Sep 4 2001
From The Space Library
The National Academy of Sciences released a report criticizing a White House proposal directing NASA to assume responsibility for research in astronomy and astrophysics managed by the National Science Foundation (NSF). The White House had made the proposal as a cost-reduction measure in its proposed budget for FY 2002. At the request of NASA and the NSF, a National Research Council (NRC) panel had assessed the proposal and concluded that NASA should not assume this responsibility. According to the panel, the NSF’s relations with the academic community and its commitments to investigator-initiated and interdisciplinary research made the NSF better suited than NASA to sponsor ground-based astronomy and astrophysics research. The panel also concluded that the federal government could maximize the benefits of astronomy and astrophysics research by creating an interagency astronomy and astrophysics planning board to develop an integrated research strategy.

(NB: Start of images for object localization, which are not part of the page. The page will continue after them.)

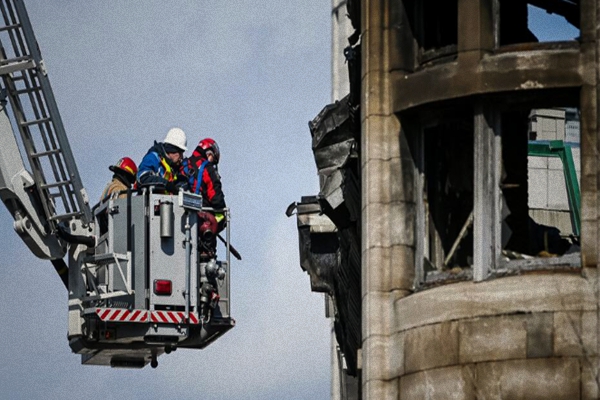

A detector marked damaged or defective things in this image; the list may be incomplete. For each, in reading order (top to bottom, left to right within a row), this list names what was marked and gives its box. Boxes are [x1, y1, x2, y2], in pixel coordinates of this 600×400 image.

charred window opening [406, 0, 458, 65]
charred window opening [500, 0, 580, 46]
charred window opening [412, 110, 474, 284]
damaged stone tower [290, 0, 596, 398]
burned building facade [290, 0, 596, 400]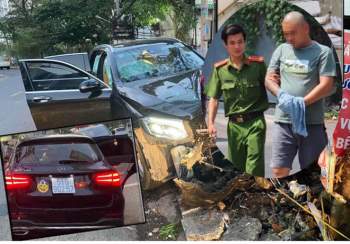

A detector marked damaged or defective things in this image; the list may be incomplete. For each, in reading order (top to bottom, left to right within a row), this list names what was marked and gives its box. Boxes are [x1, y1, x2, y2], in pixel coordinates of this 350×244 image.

damaged car hood [118, 69, 202, 119]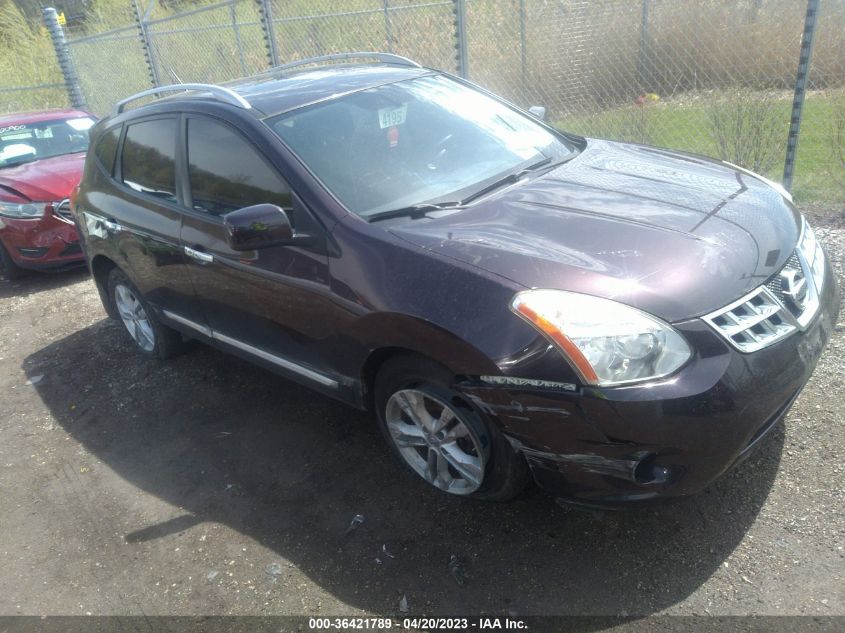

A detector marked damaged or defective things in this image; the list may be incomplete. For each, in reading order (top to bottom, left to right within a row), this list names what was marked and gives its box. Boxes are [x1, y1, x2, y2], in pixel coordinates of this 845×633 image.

red car's damaged front [0, 109, 94, 278]
damaged front bumper [462, 264, 836, 506]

The NRC panel’s report suggested that such a strategy should include ways of supporting ground- and space-based facilities and missions, and that NASA and the NSF should create formal mechanisms to implement the planning board’s recommendations. (NRC, U.S. Astronomy and Astrophysics: Managing an Integrated Program (Washington, DC: National Academy Press, 2001); James Glanz, “Report Warns Against Plan for Changes in Astronomy,” New York Times, 5 September 2001.)